I have a system I worked out that predicts how a modal/substructural logic should look if you decide on a Kripke relation, and like I mentioned yesterday, its predictions

*don't*line up with some modal logics Frank and Rowan have been talking about lately, which is really exciting. So I was hunting around for some other knob to turn or button to press on my encoding to accommodate this new logic.

And this morning I think I found it. The intuition comes out of remembering the fact that the plain ol' monad ◯A can be simulated in linear logic by (A → p) ⊸ p for an atom p. The judgment A lax on the right corresponds to the situation where you have a conclusion p, and a suspension A → p on the left. The correspondence of rules with their encoding looks like this:

|- A lax ----- |- ◯A becomes A → p |- p ------------------ |- (A → p) ⊸ p and |- A -------- |- A lax becomes ------ |- A p |- p ----------------- A → p |- p and A |- B lax ---------- ◯A |- B lax becomes A, B → p |- p ------------- ------ B → p |- A → p p |- p --------------------------- (A → p) ⊸ p, B → p |- p

To generalize this, we consider instead encoding ◯A as (A → p) ⊸ q for two

*different*atoms p and q, and consider adding maybe p ⊸ q or q ⊸ p as axioms. If we add both, p and q are equivalent, and we're back to having the usual monad. The weird thing is that p ⊸ q is kind of like Kripke reflexivity, and without it, we lose A → ◯A. And conversely q ⊸ p is like Krikpe transitivity, and without it, we lose ◯◯A → ◯A.

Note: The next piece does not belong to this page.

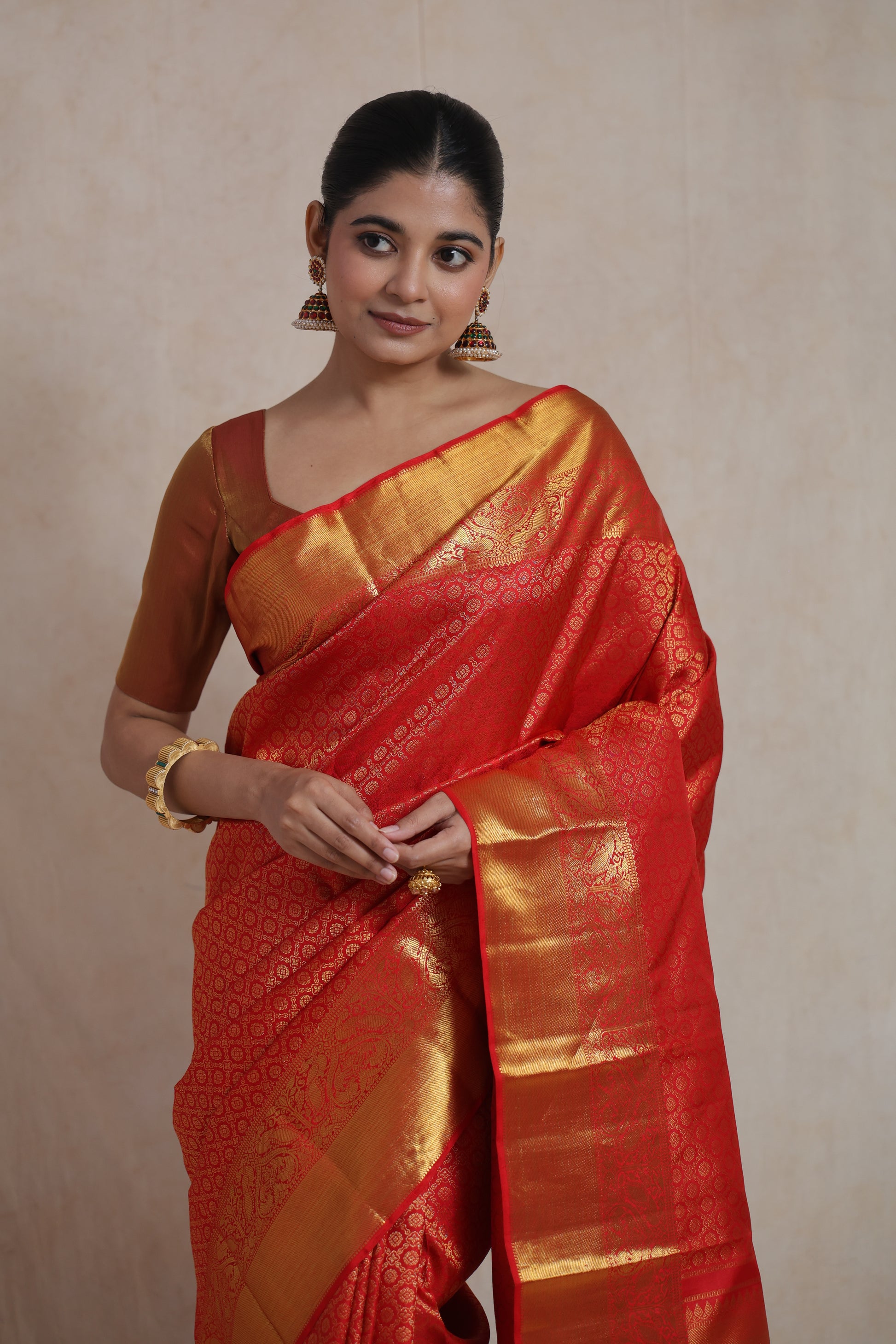 Model wearing red Kanchipuram saree with classic styling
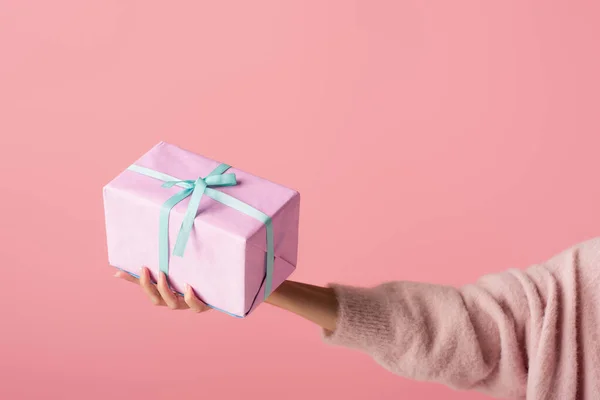 Vista recortada de la mujer joven sosteniendo envuelto caja de regalo aislado en rosa - foto de stock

The moral of the story is that if we want to construct a Pfenning-Davies-esque ◇, we have 4 different monadic mechanisms, (that are kind of like the necessity logics K, T, K4, and S4) and a fifth option of not using the monadic mechanism at all, and that

**these choices are orthogonal**to our choice of the actual relation that the Krikpe mechanism interacts with. And there are at least four obvious distinct choices for that, which might again reasonably be called K, T, K4, and S4. And the fifth option of not using the Kripke mechanism at all, which gives us a more ◯-like operator rather than ◇.

So I think I have a nice 5x5 square of

**25 disinct possibility/lax-ish modal operators**, all of which satisfy cut, identity, and focusing-completeness theorems. Kind of an embarrassment of riches, since I only know of useful Curry-Howard interpretations of a few of them.